Over the past few days, we called it a vacation. By convincing ourselves this was okay, that’s how we coped. It was easy, too, because I’d always been resistant to change. Even in the hours leading up to this inevitable and unavoidable end of the world, I still deny it.
When we step into the warm sand, I look out at the water. The sun blazes at the farthest end of the earth as it lays itself to rest, and a brilliant citrine shaft glistens from the calm, blue ocean. The orange sky is empty of everything but small clouds that hang there like soft balls of gossamer laced with thin, golden threads of silk. The crisp breeze eddies from the sea, contrasting the final moments of the dying sun. It’s everything I had hoped my last moments would look like, except for one thing. I glance back to find Crystal. I want to kiss her, feel her soft lips upon mine just one last time, but I can’t. She’s already gone.
I follow the remnants of her existence across the beach. It starts with her sandals followed by her thin, peach shirt as the breeze folds it over. Her white shorts lay half-covered in the creamy sand. Her bra hangs from a jagged, brown rock jutting from the earth. A pair of blue satin panties I always liked on her float languidly at the center of a tide pool. Her footsteps thin by the time they reach the ocean where hundreds of thousands of crabs play over each other. Crabs that used to be human.

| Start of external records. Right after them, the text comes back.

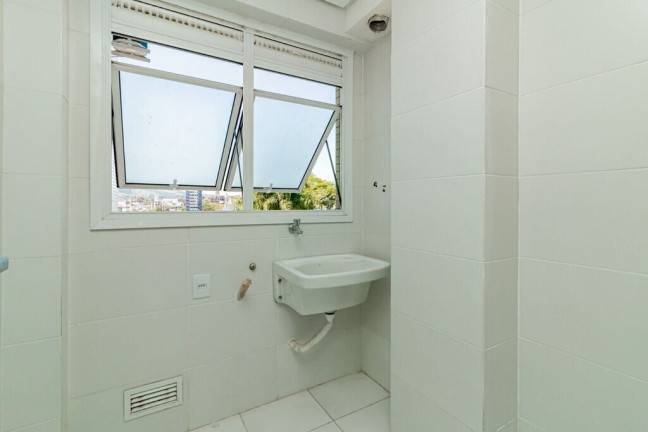 Imagem Apartamento com 3 Quartos à Venda, 101 m² em Vila Ipiranga - Porto Alegre Imagem Apartamento com 3 Quartos à Venda, 101 m² em Vila Ipiranga - Porto Alegre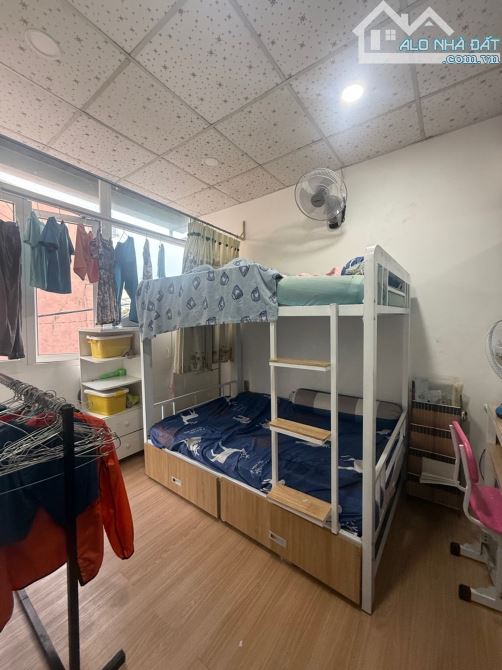 2 tỷ 200 - Nhà 2 mặt tiền hẻm xe hơi đỗ cửa 2 lầu trục Phan Huy Ích - 4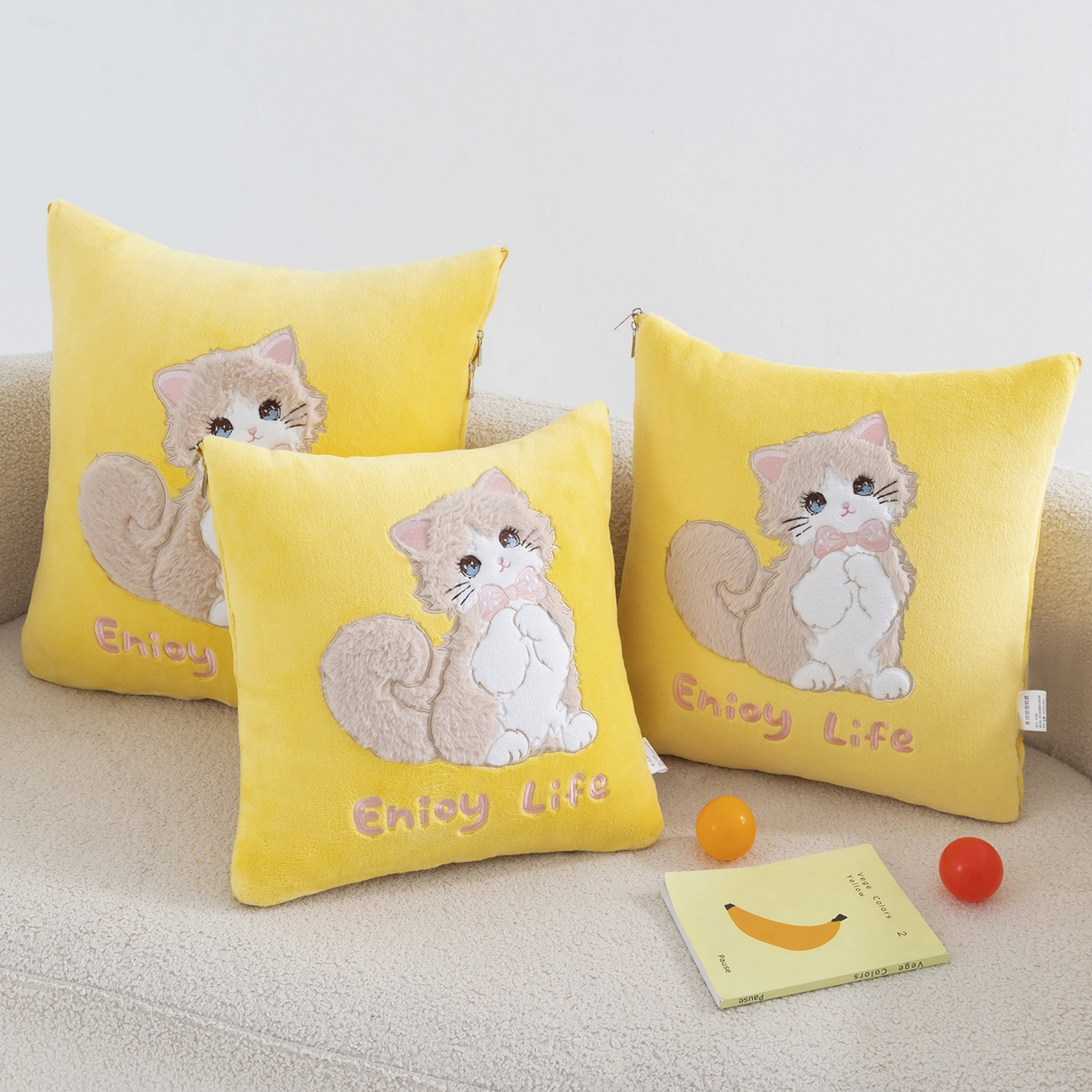 91家纺网 家纺一手货源 找家纺 照世家纺 2025新款牛奶绒抗菌棉多功能抱枕被-布偶猫（P标）（控价是优惠券后不能低于 40的68，45的98, 50的119） 姜黄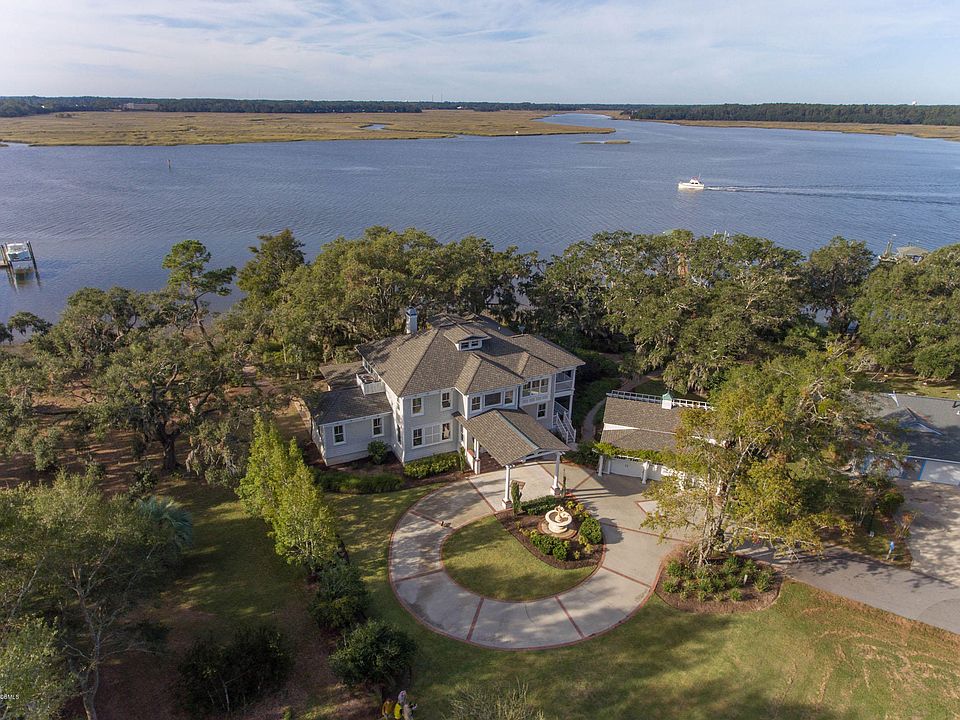 1st image of 10 Country Club Drive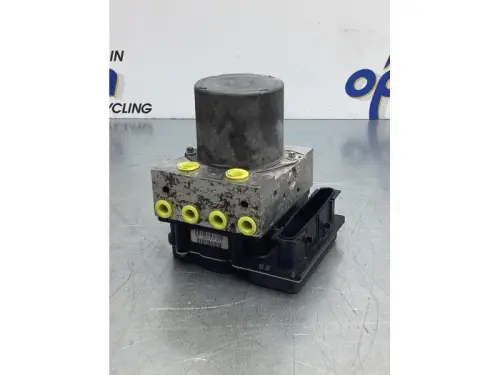 ABS Pomp-7715810
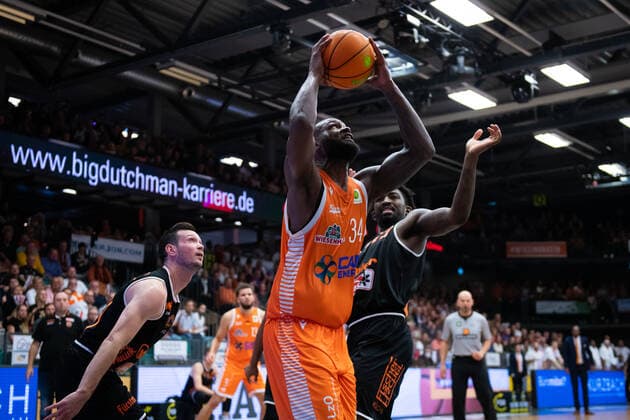 ProA: 3. Spieltag - RASTA Vechta vs. wiha Panthers Schwenningen, 02.10.2021 Devon Searcy (RASTA Vechta, 34), Raiquan Leeandre Clark (wiha Panthers Schwenningen, 23); ProA: 3. Spieltag - RASTA Vechta vs. wiha Panthers Schwenningen am 02.10.2021 in Vechta (Rasta Dome), Germany, Copyright: xBEAUTIFULxSPORTS Neddermannx
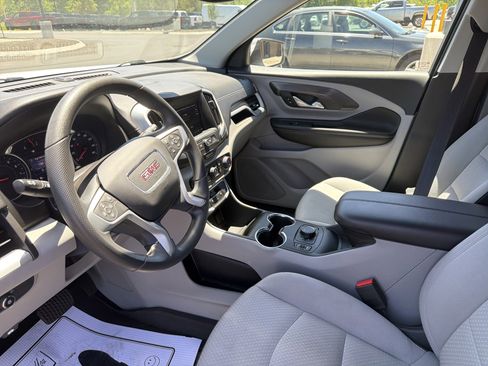 Used 2022 GMC Terrain SLE w/ Driver Convenience Package FWD image 28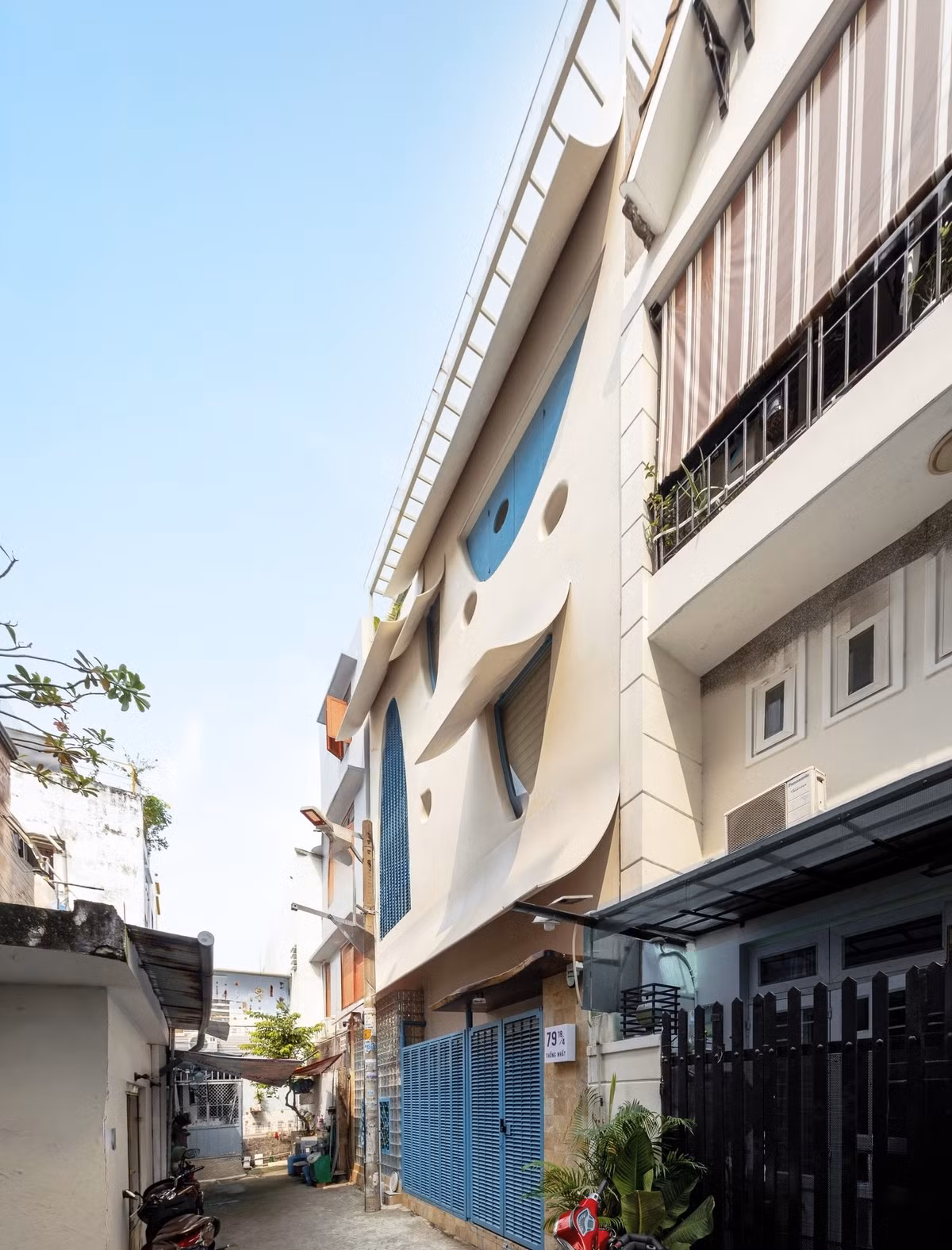 Lớp hình khối chồng xếp này vừa giúp che nắng hướng Tây, vừa đón gió và đảm bảo sự riêng tư cho không gian bên trong. Ảnh: Minh Quốc Bùi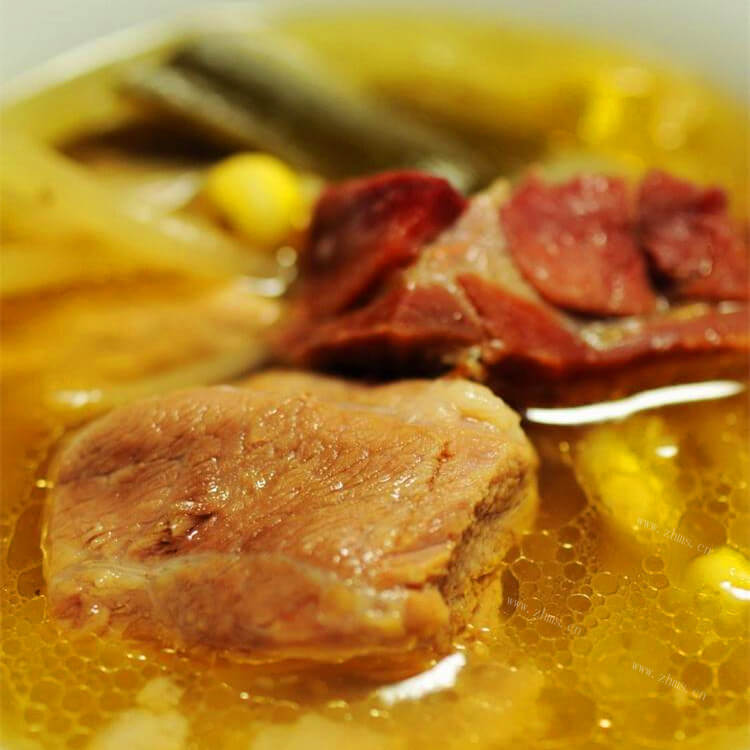 可口的骨头汤炖黄豆芽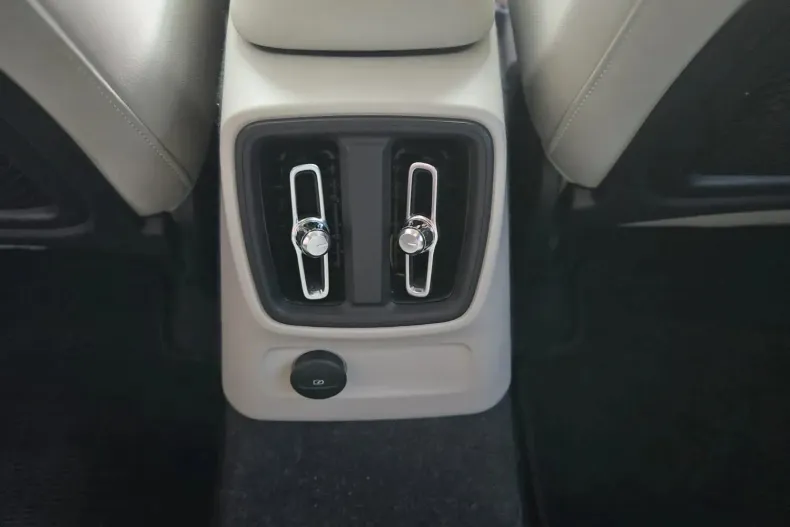 Volvo XC40 din 2023 cu 30.571 km - oferta VOL134013 - foto 28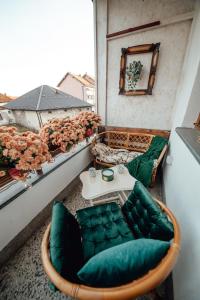 einen Balkon mit einem Tisch und Stühlen in der Unterkunft Apartman Petunija in Sjenica
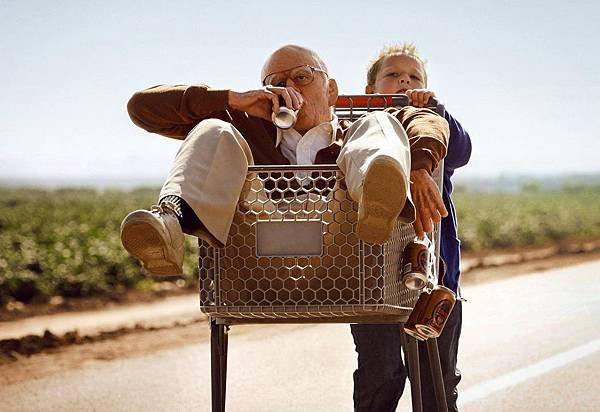 Jackass-Presents-Bad-Grandpa-img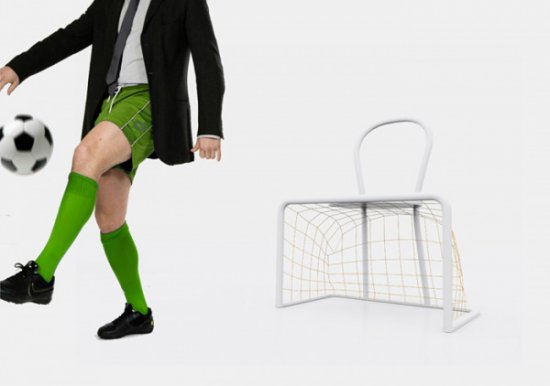 Футбол: стул для игры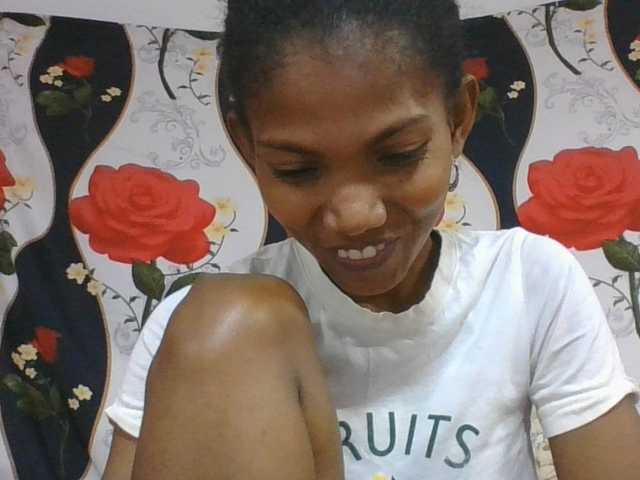 Lyah7a live cam on BongaCams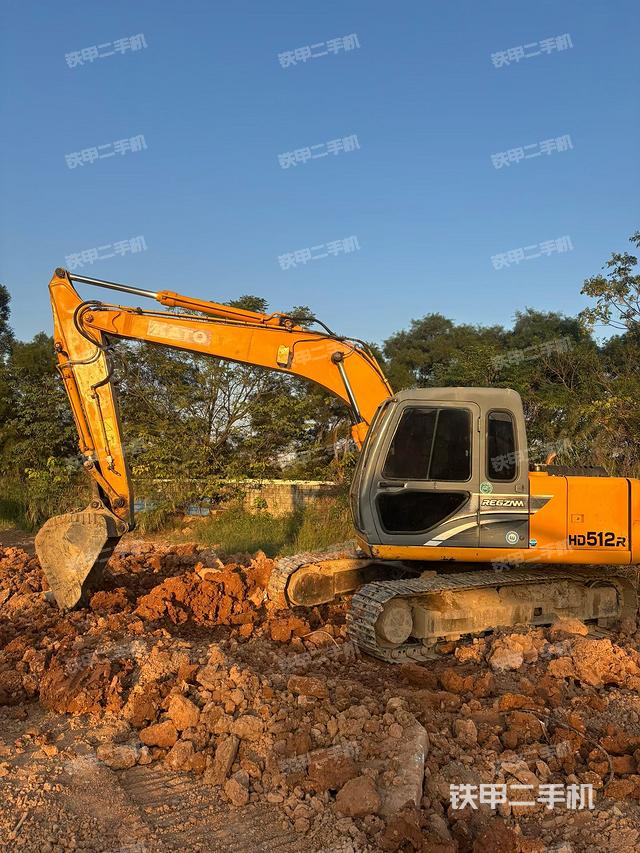 加藤HD512R挖掘机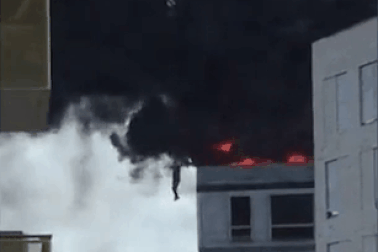 Thoát chết hỏa hoạn trong gang tấc nhờ đu mình trên cần cẩu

Three weeks ago, The Makers returned. Those who created the world. Those who constructed humanity from nothingness. Those who watched us for centuries. Those we disappointed with our humanity.
After imparting their disgust with us, they allowed us a few questions, because they knew, as humans, we had many. Nothing we said or did changed their minds, though. We already proved, through years of unchange, that we’d never get better. They maintained that we’d still wage wars if left alone. Irrespective of how many of us had grown to accept those who were gay or of a different ethnicity or religious belief, there were still far too many of us that couldn’t respect or love their fellow humans. We failed, and thus had to pay the ultimate price.
Not long ago, they required us to surrender to a mutation that retrogressed us to an undetermined point before we were human. Many fought this, and many died because The Makers had no problem exterminating anyone who refused. Which led me to this beach.
I take a deep breath, and stare down at the green laser line in the sand. All I have to do is step through it, and I’ll transform, too. This is the end for us, but I suppose it’s also a new beginning. I shrug, whisper my last goodbye to those I love, and step into the transmogrifying light.